2.5 | In case of any Event of Default, the Pledgee shall have the right to dispose of the Pledged Equity in the way set out in Article 4 hereof. |
2.6 | With the prior consent of the Pledgee, the Pledgor may increase its capital contribution to the Company, transfer or accept the transfer of any of the Subject Equity. |
2.7 | With the prior consent of the Pledgee, the Pledgor may be able to receive dividends, share profits or receive other profit distributions from the Pledged Equity. The Pledgor agrees that during the existence of the Equity Pledge, the Pledgee shall have the right to receive any dividends or share profits from the Pledged Equity. The Company shall pay the partial amount to the bank account designated by the Pledgee. |
2.8 | The additional equity acquired by the Pledgor under Article 2.6 or 2.7, that is, further capital contribution made by the Pledgor to the registered capital of the Company due to capital increase to the Company, acceptance of equity transfer, or distribution of dividends by the Company or any other reason, shall also be part of the Pledged Equity. The Company shall, and the Pledgor shall cause the Company to record change to the Equity Pledge on the Company’s share register on the date of change to the Pledged Equity (including but not limited to capital increase), and complete the registration of change to the Equity Pledge with the administration for industry and commerce within 15 days after the change. |
2.9 | To the extent not violating provision of Article 2.4 above, in case of any possibility of obvious reduction in value of the Pledged Equity which is sufficient to jeopardize the Pledgee’s rights, the Pledgee may at any time auction or realize the Pledged Equity on behalf of the Pledgor, and discuss with the Pledgor to use the proceeds from such auction or realization as early repayment of the Guaranteed Liabilities, or may escrow such proceeds with the local notary institution where the Pledgee is domiciled (any resulting fees shall be borne by the Pledgee).

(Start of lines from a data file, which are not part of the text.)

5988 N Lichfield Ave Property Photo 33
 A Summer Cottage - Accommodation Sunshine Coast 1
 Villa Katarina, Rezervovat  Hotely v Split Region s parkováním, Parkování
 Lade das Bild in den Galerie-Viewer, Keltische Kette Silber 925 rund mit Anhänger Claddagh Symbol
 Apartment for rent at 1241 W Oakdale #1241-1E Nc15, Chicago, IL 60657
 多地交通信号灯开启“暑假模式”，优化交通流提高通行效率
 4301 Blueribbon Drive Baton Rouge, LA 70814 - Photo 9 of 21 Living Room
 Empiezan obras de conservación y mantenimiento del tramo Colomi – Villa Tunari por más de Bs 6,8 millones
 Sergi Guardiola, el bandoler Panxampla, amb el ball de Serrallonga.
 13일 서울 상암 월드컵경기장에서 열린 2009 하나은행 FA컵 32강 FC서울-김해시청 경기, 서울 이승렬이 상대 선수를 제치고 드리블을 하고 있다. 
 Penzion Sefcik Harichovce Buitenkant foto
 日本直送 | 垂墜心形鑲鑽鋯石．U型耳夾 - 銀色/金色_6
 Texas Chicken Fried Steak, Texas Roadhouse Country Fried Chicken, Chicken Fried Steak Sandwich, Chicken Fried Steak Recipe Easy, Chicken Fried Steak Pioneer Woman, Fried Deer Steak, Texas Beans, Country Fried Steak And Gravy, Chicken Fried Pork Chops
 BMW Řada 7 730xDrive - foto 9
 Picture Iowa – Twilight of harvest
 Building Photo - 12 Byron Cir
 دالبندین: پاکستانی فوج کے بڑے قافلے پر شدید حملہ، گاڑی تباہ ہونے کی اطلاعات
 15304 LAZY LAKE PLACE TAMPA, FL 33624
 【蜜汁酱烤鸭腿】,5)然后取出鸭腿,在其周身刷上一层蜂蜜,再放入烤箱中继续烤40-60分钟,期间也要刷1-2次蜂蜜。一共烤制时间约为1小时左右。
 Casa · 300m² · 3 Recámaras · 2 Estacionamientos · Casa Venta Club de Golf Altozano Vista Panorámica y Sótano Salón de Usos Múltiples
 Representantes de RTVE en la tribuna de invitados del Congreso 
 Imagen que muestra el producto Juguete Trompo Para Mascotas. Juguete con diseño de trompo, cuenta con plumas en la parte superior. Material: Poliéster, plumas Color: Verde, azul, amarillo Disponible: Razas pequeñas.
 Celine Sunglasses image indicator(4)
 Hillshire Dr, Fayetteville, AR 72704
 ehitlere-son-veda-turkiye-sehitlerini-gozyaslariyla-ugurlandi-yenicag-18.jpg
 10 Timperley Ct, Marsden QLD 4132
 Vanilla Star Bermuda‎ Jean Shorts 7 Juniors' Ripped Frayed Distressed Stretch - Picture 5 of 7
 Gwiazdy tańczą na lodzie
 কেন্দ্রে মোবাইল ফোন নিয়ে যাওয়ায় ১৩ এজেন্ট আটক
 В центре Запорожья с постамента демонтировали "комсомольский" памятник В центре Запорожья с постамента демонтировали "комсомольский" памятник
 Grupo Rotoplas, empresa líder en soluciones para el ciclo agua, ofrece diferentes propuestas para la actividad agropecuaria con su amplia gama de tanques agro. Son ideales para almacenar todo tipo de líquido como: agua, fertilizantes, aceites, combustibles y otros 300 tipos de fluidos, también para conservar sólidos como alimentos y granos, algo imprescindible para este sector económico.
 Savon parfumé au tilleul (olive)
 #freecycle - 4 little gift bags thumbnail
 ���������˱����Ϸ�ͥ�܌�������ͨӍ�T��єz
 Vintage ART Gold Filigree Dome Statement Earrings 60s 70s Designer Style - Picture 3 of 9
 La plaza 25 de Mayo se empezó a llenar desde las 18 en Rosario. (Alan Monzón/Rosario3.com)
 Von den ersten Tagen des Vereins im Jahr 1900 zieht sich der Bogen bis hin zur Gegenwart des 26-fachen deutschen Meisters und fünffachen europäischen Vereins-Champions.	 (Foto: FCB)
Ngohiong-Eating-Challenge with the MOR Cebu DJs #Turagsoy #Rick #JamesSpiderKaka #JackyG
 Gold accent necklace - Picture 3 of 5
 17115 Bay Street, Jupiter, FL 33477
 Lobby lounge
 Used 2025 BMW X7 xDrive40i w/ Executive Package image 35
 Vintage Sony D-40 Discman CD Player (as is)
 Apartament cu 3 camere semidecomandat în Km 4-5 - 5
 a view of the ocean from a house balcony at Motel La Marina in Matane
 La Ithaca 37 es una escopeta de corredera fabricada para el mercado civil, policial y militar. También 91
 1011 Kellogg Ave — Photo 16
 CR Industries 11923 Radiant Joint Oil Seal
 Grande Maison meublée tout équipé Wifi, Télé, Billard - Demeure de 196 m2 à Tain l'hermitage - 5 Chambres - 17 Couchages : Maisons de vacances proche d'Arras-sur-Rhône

In addition, as requested by the Pledgee, the Pledgor should provide other property as security. |
Article 3 Release of Pledge
3.1 | Upon full and complete performance of all the Contract Obligations and upon the full repayment of all the Guaranteed Liabilities by the Pledgor and the Company, or upon termination or invalidation of the Transaction Agreements, or upon termination of Contract Obligations due to legal reasons, the Pledgee shall, at the request of the Pledgor, release the Equity Pledge under the Agreement, and shall cooperate with the Pledgor to go through the formalities to cancel registration of the Equity Pledge at the administration for industry and commerce. The reasonable fees incurred in connection with such release shall be borne by Pledgee. |
Article 4 Disposal of the Pledged Equity
4.1 | The Parties hereby agree that, in case of any Event of Default, the Pledgee shall have the right to exercise, upon giving a written notice to the Pledgor, all of the remedial rights and powers enjoyed by it under PRC Law, Transaction Agreements and the terms hereof, including (but not limited to) being repaid in priority with proceeds from auctions or realisation of the Pledged Equity. The Pledgee shall not be liable for any loss resulting from its legal and reasonable exercise of such rights and powers. |
4.2 | The Pledgee shall have the right to designate in writing its solicitors or other agents to exercise on its behalf any and all rights and powers set out above, to which the Pledgor shall not raise an objection. |
4.3 | For the reasonable costs incurred to the Pledgee in connection with its exercise of any or all rights and powers set out above, the Pledgee shall have the right to deduct the costs actually incurred from the proceeds acquired from the exercise of the rights and powers. |
4.4 | The proceeds that the Pledgee acquires from the exercise of its rights and powers shall be used in the following order: |
First, to pay any cost incurred in connection with the disposal of the Pledged Equity and the Pledgee’s exercise of its rights and powers (including remuneration paid to its solicitors and agents);
Second, to pay any taxes and levies payable for the disposal of the Pledged Equity; and
Third, to repay the Pledgee for the Guaranteed Liabilities;
In case of any balance after payment of the above amounts, the Pledgee shall return it to the Pledgor or other persons entitled thereto according to the relevant laws and rules or escrow it with the local notary institution where the Pledgee is domiciled (any resulting fees shall be borne by the Pledgee).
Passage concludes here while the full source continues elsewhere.